Nonlinear transverse vibrations of clamped beams carrying two or three concentrated masses at various locations

Abstract

In a recent work, a discrete model for geometrically nonlinear transverse free constrained vibrations of beams with various end conditions has been developed and validated via comparison with known results corresponding to nonlinear vibration of clamped beams carrying a concentrated mass. It is extended here to continuous beams carrying two or three concentrated masses at various locations and subjected to large vibration amplitudes. The discrete model used is an N -dof ( N -Degrees of Freedom) system made of N masses placed at the ends of solid bars connected by springs, presenting the beam flexural rigidity. The large transverse displacements of the bar ends induce a variation in their lengths giving rise to axial forces modelled by longitudinal springs causing nonlinearity. The calculations made allowed application of the semi-analytical model developed previously for nonlinear structural vibration involving three tensors, namely the mass tensor m ij , the linear rigidity tensor k ij and the nonlinearity tensor b ijkl presenting the effect of the change in the bar lengths.
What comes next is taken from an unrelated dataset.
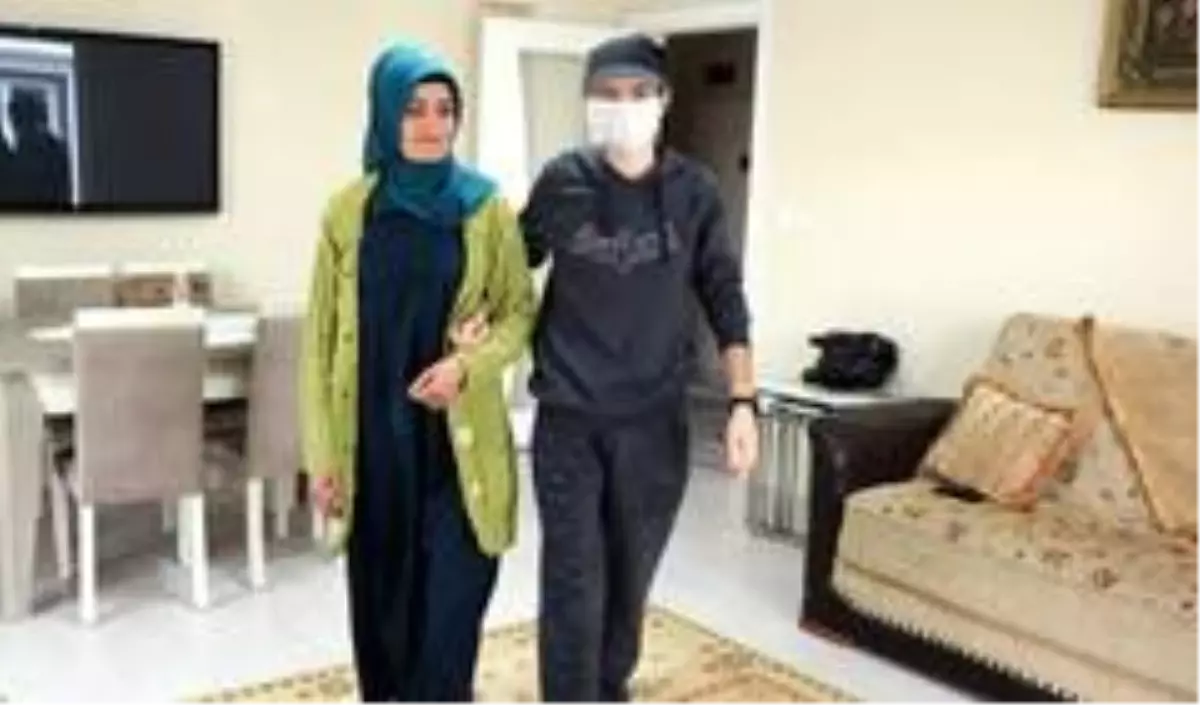 3 yıldır kanserle savaşıyordu, merdivenden düşerek hayatını kaybetti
The addition of three concentrated masses studied here induces a change in the mass matrix. By application of Hamilton’s principle and spectral analysis in the modal basis, the nonlinear vibration problem is reduced to a nonlinear algebraic system, using an explicit method, developed previously for non-linear structural vibration. This study shows that concentrated masses may be used for practical purposes to shift the resonant frequency; if the three masses locations are appropriately chosen.